Owl, North Dakota is a very small town. With less than 1,000 inhabitants, everyone seems to know everyone. It is 1983, and the old men meet for coffee and nostalgia, and the young men meet for beer, reliving football glory days. Just six months before a devastating storm hits this sleepy burg, readers of Chuck Klosterman's wonderful debut work of fiction are introduced to three Owl citizens: Mitch, Julia and Horace. Despite the apparent lack of excitement in Owl, these three, and their friends and family, lead interesting and compelling lives, deftly rendered by Klosterman.

Mitch Hrlicka is a high school football player in Owl. He is smart and introspective, a bit more thoughtful than most of his friends but still a typical teenage boy in many ways. He fantasizes about killing his sleazy but intellectually provocative English teacher (Mr. Laidlaw, who is also his football coach, has impregnated at least two of his students and has assigned Orwell's 1984 to the entire school), and he fantasizes about the outcome of a fight between the school’s two loosest canons. He disdains popular music, and his bedroom is devoid of personal objects. He is totally different from and yet completely the same as all the other kids in Owl.

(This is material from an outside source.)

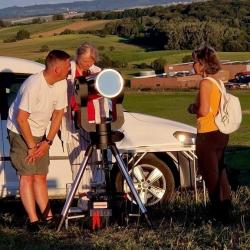 Plein soleil Raphael squatte le telescope de Manu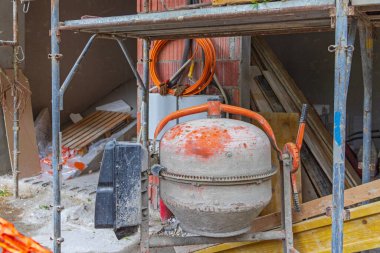 İnşaat Alanında Beton Karıştırıcı Makinesi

Julia Rabia just moved to Owl from the big city, accepting a teaching position. At 23, she is not quite over her college party days and finds herself drinking away her loneliness and mild depression in Owl's many bars every night. Because she is new to town and single, she is the most attractive woman to Owl's unmarried men, and they all hope she will go out with them (to see E.T. before the town's local movie theater is scheduled to shut down). But it is the enigmatic Vance Druid, a famous football has-been, who catches her eye. Their courting is both hilarious and sad as they try to navigate a situation they seem incapable of handling normally.

Horace Jones has lived in Owl all of his 73 years. He and his cronies meet every afternoon for coffee, conversing about the weather, local football and the wars they fought or didn't fight in. A widower, Horace is content and serene, though he misses his wife. He occupies his time with friends, the farm and nonfiction. Horace though has two dark secrets he has shared with no one. He represents the full life lived in Owl, while Mitch is the town's young man full of potential and Julia is the outsider slowly becoming a full member of the community.

DOWNTOWN OWL is a funny book and yet still quite serious, focusing on identity and opportunity, survival (literal and figurative) and propriety. While everyone in Owl is concerned with appearances and maintaining the status quo, they all live rich, complex and surprising inner lives. Klosterman proves and disproves all the conventional wisdom about small towns and still manages to give readers universal themes.

The characters in this well-written book are likable, quirky and real without being two-dimensional. As witty and clever as DOWNTOWN OWL is, however, it is also heartbreaking. Despite its emotional heft, it is easy to devour in a long cold winter night or two, hunkered down like the citizens of Owl themselves. It is best though (for reasons that won't be mentioned here) not to read it on a windy night.